Es evidente que en semejante situación cultural, la familia no puede dejar de sentirse amenazada, porque está acechada en sus mismos fundamentos. Lo que es contrario a la civilización del amor es contrario a toda verdad sobre el hombre y es una amenaza para él: no le permite encontrarse a sí mismo ni sentirse seguro como esposo, como padre, como hijo. El llamado “sexo puro”, propagado por la civilización técnica, es en realidad, bajo el aspecto de las exigencias totales de la persona, radicalmente no seguro, e incluso gravemente peligroso. En efecto, la persona se encuentra ahí en peligro, y, a su vez, está en riesgo la familia. Peligro que se concreta en la pérdida de la verdad sobre la familia, a la que se añade el riesgo de la pérdida de la libertad y, por consiguiente, la pérdida del amor mismo. “Conocerán la verdad –dice Jesús– y la verdad los hará libres” (Jn 8, 32). La verdad, sólo la verdad, los prepara para un amor del que se puede decir que es hermoso.

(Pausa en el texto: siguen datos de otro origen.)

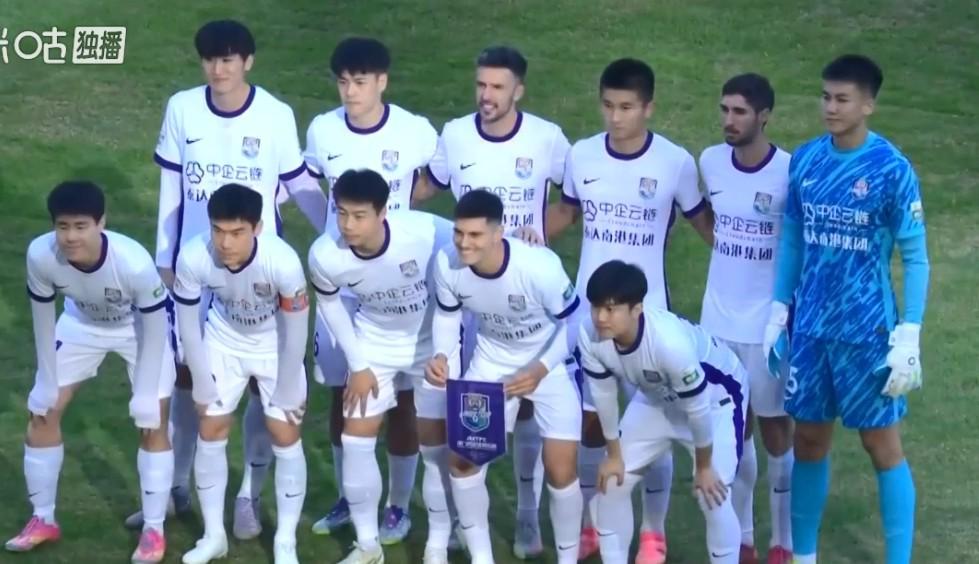 津媒：津门虎今日集结，14日与国安热身赛，22日迎战申花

La civilización del amor evoca la alegría porque un hombre viene al mundo (Cfr. Jn 16, 21) y, consiguientemente, porque los esposos llegan a ser padres. Civilización del amor significa “alegrarse con la verdad” (Cfr. 1Cor 13, 6); pero una civilización inspirada en una mentalidad consumista y antinatalista no es ni puede ser nunca una civilización del amor. Si la familia es tan importante para la civilización del amor, lo es por la particular cercanía e intensidad de los vínculos que se instauran en ella entre las personas y las generaciones. Sin embargo, es vulnerable y puede sufrir fácilmente los peligros que debilitan o incluso destruyen su unidad y estabilidad. Debido a tales peligros, las familias dejan de dar testimonio de la civilización del amor e incluso pueden ser su negación, una especie de antitestimonio. Una familia disgregada puede, a su vez, generar una forma concreta de “anticivilización”, destruyendo el amor en los diversos ámbitos en los que se expresa, con inevitables repercusiones en el conjunto de la vida social.
Un hogar nuevo se construye en el amor, y desde ese hogar es posible construir la civilización del amor defendiéndose de la cultura de la muerte.
Señor Jesús, queremos construir la civilización que tú iniciaste:
la civilización del amor. Para esto, ayúdanos a superar en nuestra familia,
las tendencias al egoísmo y al individualismo: que sepamos defender nuestros vínculos
con profundos lazos de amor. Te pedimos, Señor, que nuestro hogar sea un profundo testimonio
del amor y del aprecio por la vida. Que en cada casa prevalezca el valor de la persona
por sobre las cosas. Que la civilización del amor que deseamos construir desde nuestra familia,
encuentre un verdadero signo, en la misma alegría que debe brotar
desde la corriente de amor que circula por los miembros de nuestro hogar.